Terms Used In California Welfare and Institutions Code 14105.18

(2) The Genetically Handicapped Persons Program established pursuant to Article 1 (commencing with Section 125125) of Chapter 2 of Part 5 of Division 106 of the Health and Safety Code.

(3) The Breast and Cervical Cancer Early Detection Program established pursuant to Article 1.3 (commencing with Section 104150) of Chapter 2 of Part 1 of Division 103 of the Health and Safety Code and the breast cancer programs specified in § 30461.6 of the Revenue and Taxation Code.

(4) The State-Only Family Planning Program established pursuant to Division 24 (commencing with Section 24000).

(5) The Family Planning, Access, Care, and Treatment (Family PACT) Program established pursuant to subdivision (aa) of Section 14132.

(6) The Healthy Families Program established pursuant to Part 6.2 (commencing with Section 12693) of Division 2 of the Insurance Code if the health care services are provided by a Medi-Cal provider pursuant to subdivision (b) of § 12693.26 of the Insurance Code.

(7) The Access for Infants and Mothers Program established pursuant to Part 6.3 (commencing with Section 12695) of Division 2 of the Insurance Code if the health care services are provided by a Medi-Cal provider.

(b) The director may identify in regulations other programs not listed in subdivision (a) in which providers shall be paid rates of payment that are identical to the rates of payments in the Medi-Cal program pursuant to subdivision (a).

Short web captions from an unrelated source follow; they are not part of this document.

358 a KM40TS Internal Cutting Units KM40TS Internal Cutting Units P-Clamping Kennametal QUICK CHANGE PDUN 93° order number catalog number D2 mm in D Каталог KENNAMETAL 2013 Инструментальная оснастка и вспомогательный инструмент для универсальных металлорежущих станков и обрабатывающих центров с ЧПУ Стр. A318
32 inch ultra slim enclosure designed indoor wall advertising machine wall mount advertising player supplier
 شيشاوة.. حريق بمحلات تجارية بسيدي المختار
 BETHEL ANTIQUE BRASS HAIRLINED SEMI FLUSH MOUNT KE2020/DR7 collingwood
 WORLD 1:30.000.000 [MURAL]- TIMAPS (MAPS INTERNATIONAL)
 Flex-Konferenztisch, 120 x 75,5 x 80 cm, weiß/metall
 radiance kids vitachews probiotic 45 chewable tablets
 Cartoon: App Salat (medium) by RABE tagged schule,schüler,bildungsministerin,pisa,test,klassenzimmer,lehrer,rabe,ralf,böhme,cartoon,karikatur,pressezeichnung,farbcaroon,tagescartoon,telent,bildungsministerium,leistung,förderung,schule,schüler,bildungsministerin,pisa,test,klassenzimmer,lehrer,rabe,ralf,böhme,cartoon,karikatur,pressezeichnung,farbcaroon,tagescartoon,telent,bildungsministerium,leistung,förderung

(c) Notwithstanding subdivision (a), services provided under any of the programs described in subdivisions (a) and (b) may be reimbursed at rates greater than the Medi-Cal rate that would otherwise be applicable if those rates are adopted by the director in regulations.

(d) Payment increases made pursuant to Section 14105.196 shall not apply to provider rates of payment described in this section for services provided to individuals not eligible for Medi-Cal or Family PACT.

(e) This section shall become operative on January 1, 2011.

(Amended by Stats. 2015, Ch. 303, Sec. 610. (AB 731) Effective January 1, 2016.)